Do you have a recommended number of options you
should hold at any one time? I'm finding this will take some work to do
it right, and holding too many at once might get out of hand. Thus I
was wondering if your experience would suggest a recommended number of
different options to be holding and working on at any one time? A
recent stock seminar I took recommended to invest in 6-10 stocks at any
one time, not sure how that translated into # of options at any one
Thanks for your time!
Trading stocks takes less time than trading options (unless you are a day trader). By that I mean you won't be making decisions every day or every week. You buy the stock for a reason, do your research on a continuous basis, and eventually dump the loser or take your profits on the winners. But less time is involved than with option positions.
Why? Option positions have risk that can be quantified and controlled. That's advantageous, but it also requires you to take the time to think about those risks. Most of the time, they will be within your comfort zone and there's nothing about which to be concerned. Look at the Greeks (supplied by your broker – or at least, they should be) and consider if risk is in line or not. this takes more time than a stock position.
Options are also time sensitive. The positions only are alive for a relatively short period of time, and you must make decisions on buying more, closing, or most commonly – holding. You do that on a regular basis.
I suggest you begin with no more than three different positions – especially if you are talking about positions on three different underlying assets. And two is plenty for many rookies. If you are concerned about being under-diversified, I can understand that. Your choice becomes: a) trade more positions than you can comfortably handle (bad idea); b) use index options (or ETF options) to diversify.

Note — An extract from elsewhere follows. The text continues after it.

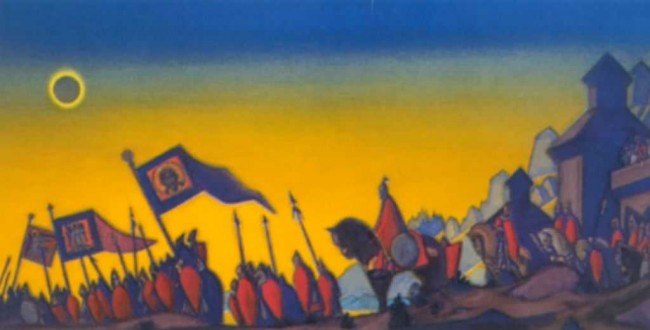 Сочинение по картине: Рерих - "Поход Игоря"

Here's why I believe in limiting the number of positions: If your positions can lose money on a big market move (iron condor, credit spreads, covered calls etc), then such a move will require you to take action on each position. Each takes time and you will feel rushed to make decisions. You could easily be losing money on other positions as you decide what to do to adjust one position. That's unwanted pressure. Minimize that by trading fewer underlying assets. (I trade only one underlying, RUT). Risk management is essential to long-term success, so don't deny yourself the time to do it correctly.
But if you buy options (a tough way to make money), then there is no pressure to act in a hurry when the market moves. You may even have good profits to lock in. If that is your strategy then you can easily handle more than the three I mentioned above.
How harried, or comfortable, you feel will tell you the right answer. But, build slowly so you don't go past your ability to handle the portfolio in a crisis.